> [WORK TO COMPLETE]:
Restate the records that follow word for word; no pictures should appear.
-- DATA IN THIS EXERCISE follows --
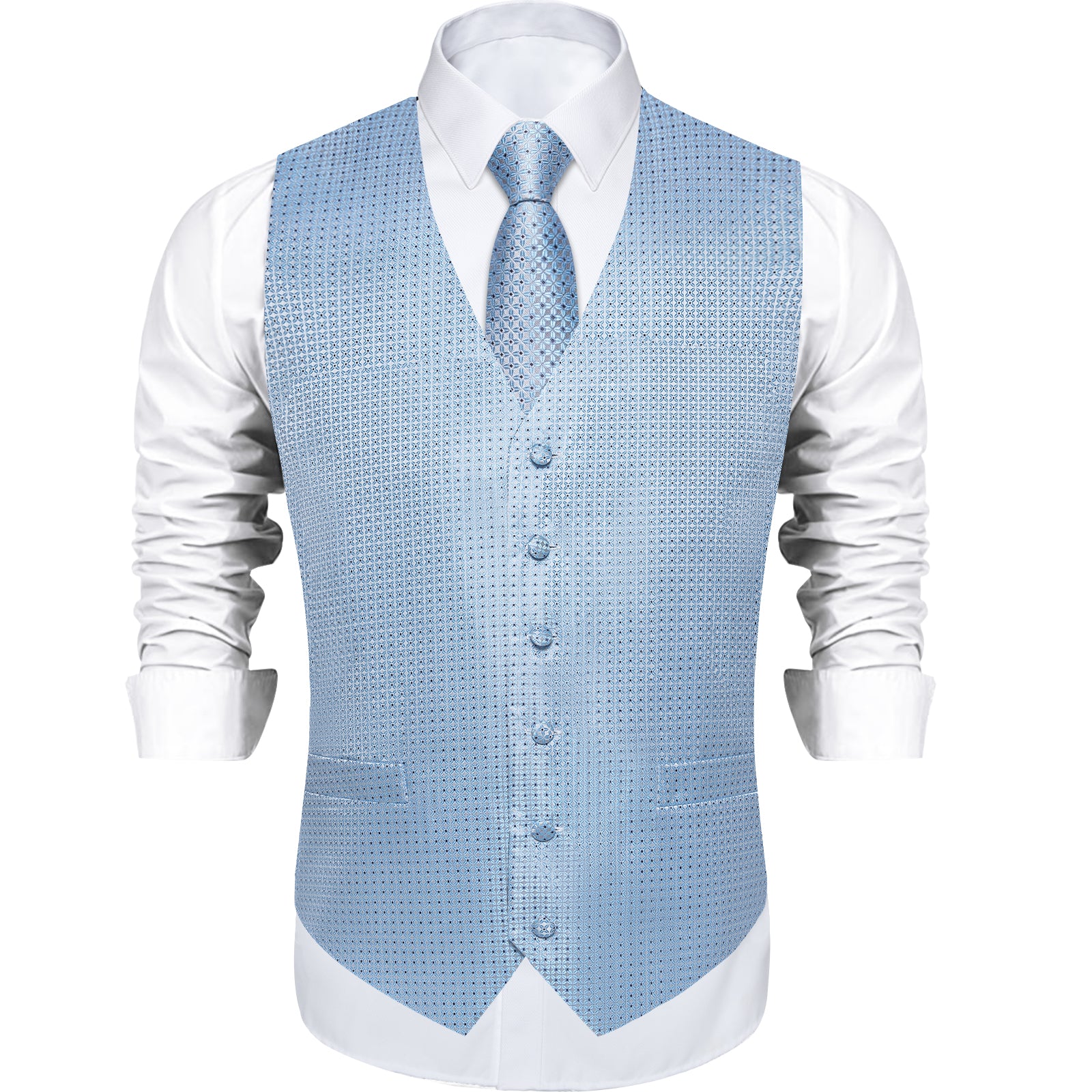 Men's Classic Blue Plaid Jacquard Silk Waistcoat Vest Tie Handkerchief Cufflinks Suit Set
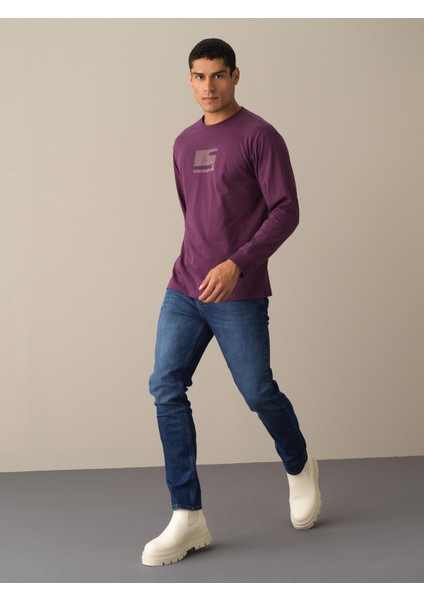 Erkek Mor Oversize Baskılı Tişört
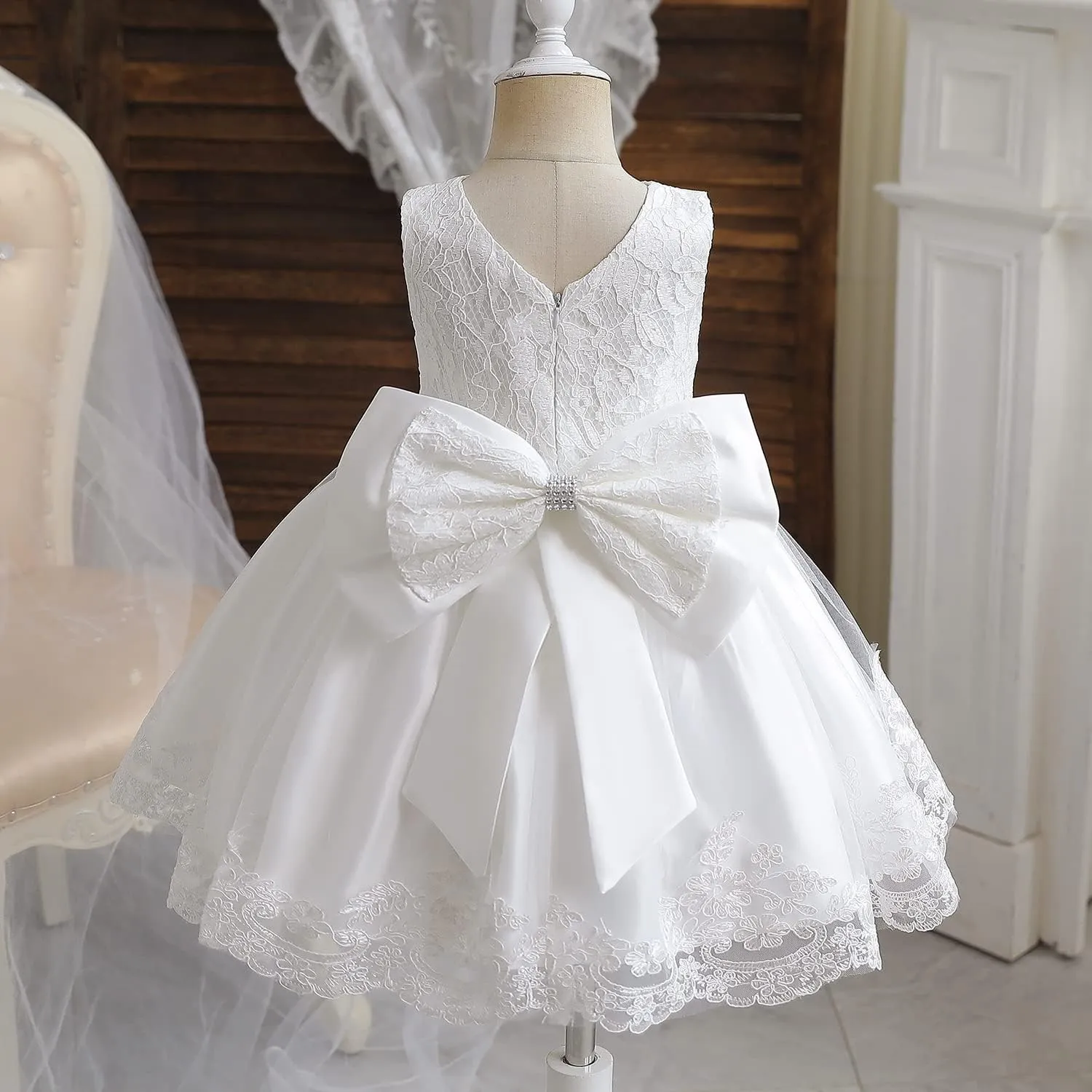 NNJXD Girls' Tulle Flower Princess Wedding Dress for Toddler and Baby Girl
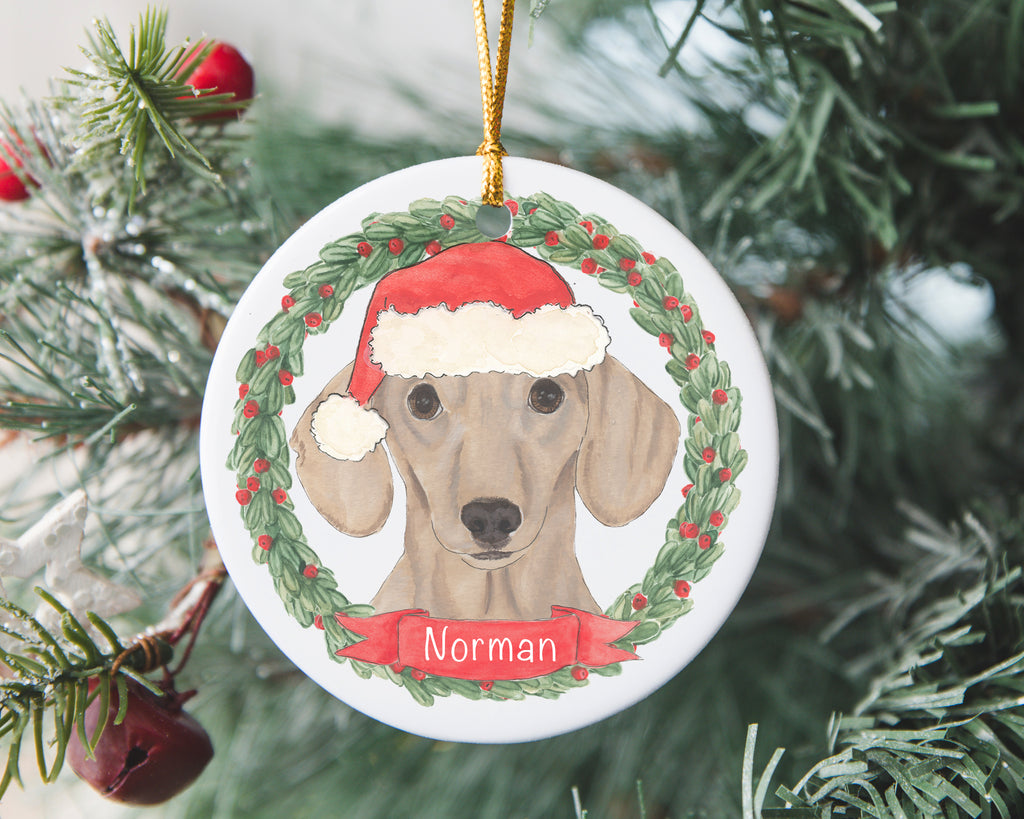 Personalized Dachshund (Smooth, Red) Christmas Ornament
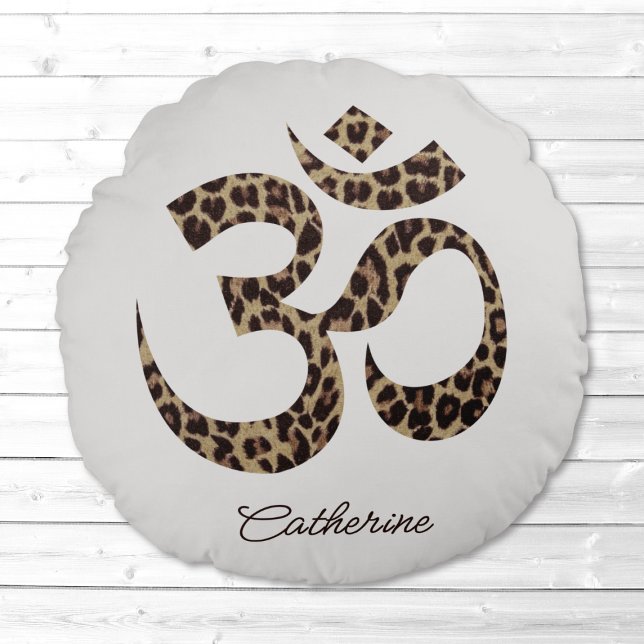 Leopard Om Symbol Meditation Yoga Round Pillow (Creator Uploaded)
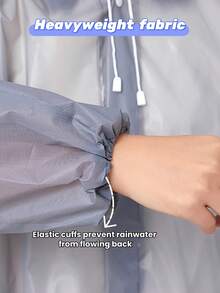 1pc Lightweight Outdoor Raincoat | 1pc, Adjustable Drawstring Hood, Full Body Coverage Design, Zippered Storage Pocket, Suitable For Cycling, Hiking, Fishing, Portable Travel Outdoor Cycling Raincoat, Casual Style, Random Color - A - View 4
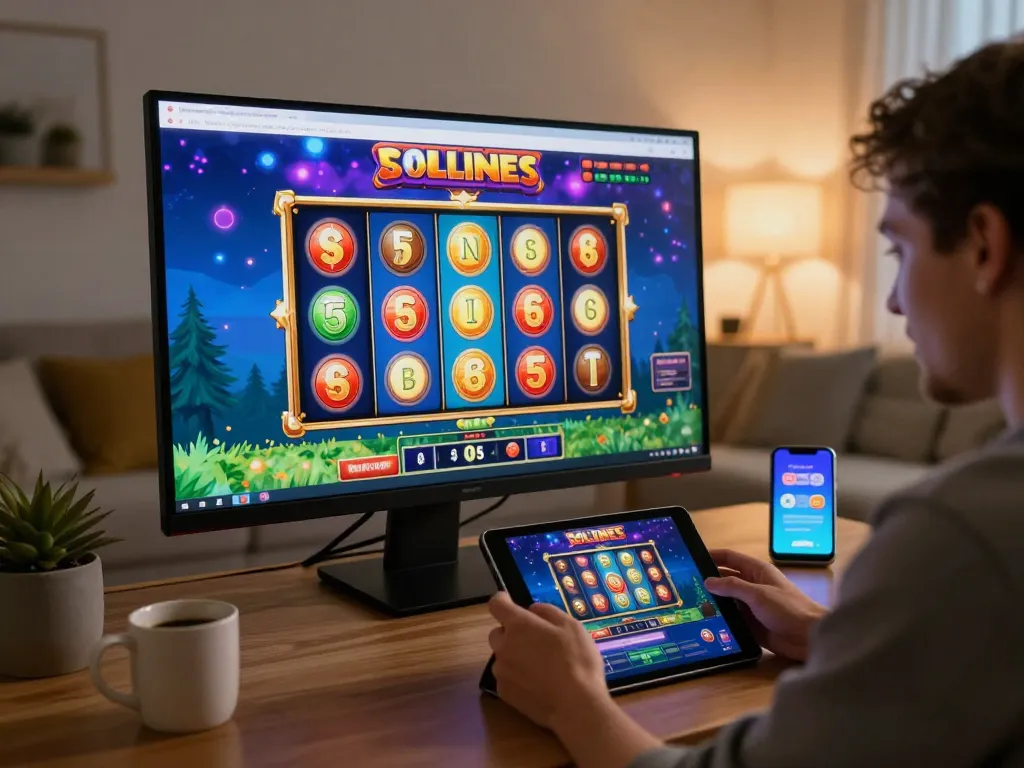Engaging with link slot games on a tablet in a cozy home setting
-- DATA IN THIS EXERCISE concluded --
> [REPLY]:
 Men's Classic Blue Plaid Jacquard Silk Waistcoat Vest Tie Handkerchief Cufflinks Suit Set
 Erkek Mor Oversize Baskılı Tişört
 NNJXD Girls' Tulle Flower Princess Wedding Dress for Toddler and Baby Girl
 Personalized Dachshund (Smooth, Red) Christmas Ornament
 Leopard Om Symbol Meditation Yoga Round Pillow (Creator Uploaded)
 1pc Lightweight Outdoor Raincoat | 1pc, Adjustable Drawstring Hood, Full Body Coverage Design, Zippered Storage Pocket, Suitable For Cycling, Hiking, Fishing, Portable Travel Outdoor Cycling Raincoat, Casual Style, Random Color - A - View 4
Engaging with link slot games on a tablet in a cozy home setting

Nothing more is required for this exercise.